Ever used the following to describe your kiddo? My child has trouble adapting to new situations. My child is easily upset. My child is high strung. My child is stubborn. If so, then you may have a difficult child. But parenting difficult children does not have to be a battle of temperaments. Before you resort to tearing out your hair in frustration, find out how to parent a difficult child by tailoring your parenting style.
Keep your cool
Difficult children can be more assertive, so temper tantrums are often part of the package. Despite your initial urge to express your own frustration in the heat of the moment, remember that it often only makes the situation worse. The key to helping your child regain composure is to keep your cool. A calm disposition can be contagious…especially when dealing with an outburst in public.
Set clear expectations
Assuming your child already knows what is expected of her is not only unrealistic, it is not fair.
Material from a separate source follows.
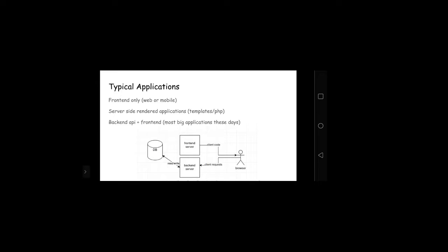There's also sort of an older model you'll see: server-side rendered applications or kind of like templates with PHP. This is where you have kind of a back-end, but that server is actually dynamically generating the HTML and sending it to the browser to display. So this is kind of like a dumb client scenario. You might have some kind of form and then that submits it and processes it and then renders new HTML and then sends it to you. And the browser is just rendering HTML.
Letting your youngster know exactly what the rules are, how to gain rewards and what the consequences will be is a strong foundation for transforming your household from a place of turmoil to an environment of encouragement.
Consistency is key
Following through with appropriate, pre-determined consequences is a must, because these high-spirited children are often more perceptive. Being consistent with consequences will also teach her that she is responsible for the choices that she makes.
Focus your energy on the positive
Sometimes, difficult children yearn for attention of any kind, even when it is negative. But, it’s important to offer your persistent child the kind of attention that will mold her behavior in the future, which means showering her with attention when she makes good choices and cutting down on the draining negative attention.
Show some empathy
Whether it is entering a new situation or trying to express a desire she has, show your kiddo some compassion for what she’s feeling. “Empathy does not mean you have to like the behavior, condone the behavior, but you can respect that this is the best the child can do at this moment,” says Dr. Joseph Shrand, Instructor of Psychiatry at Harvard Medical School, Assistant Child Psychiatrist at Massachusetts General Hospital, and Medical Director of CASTLE (Clean and Sober Teens Living Empowered), in Brockton, Massachusetts. “Parents can set limits, enforce rules, but still have our children feel valuable, capable, safe, and encouraged to reach their unlimited potential.”
Feeling like you have hit a road block in your ability to parent your difficult child? Do not be afraid to seek help. A professional may be able to give you the tips and tools you need to tailor your parenting style and manage your child’s energetic, highly sensitive, stubborn or distractible traits and uncover the loveable, unique individual waiting to be understood.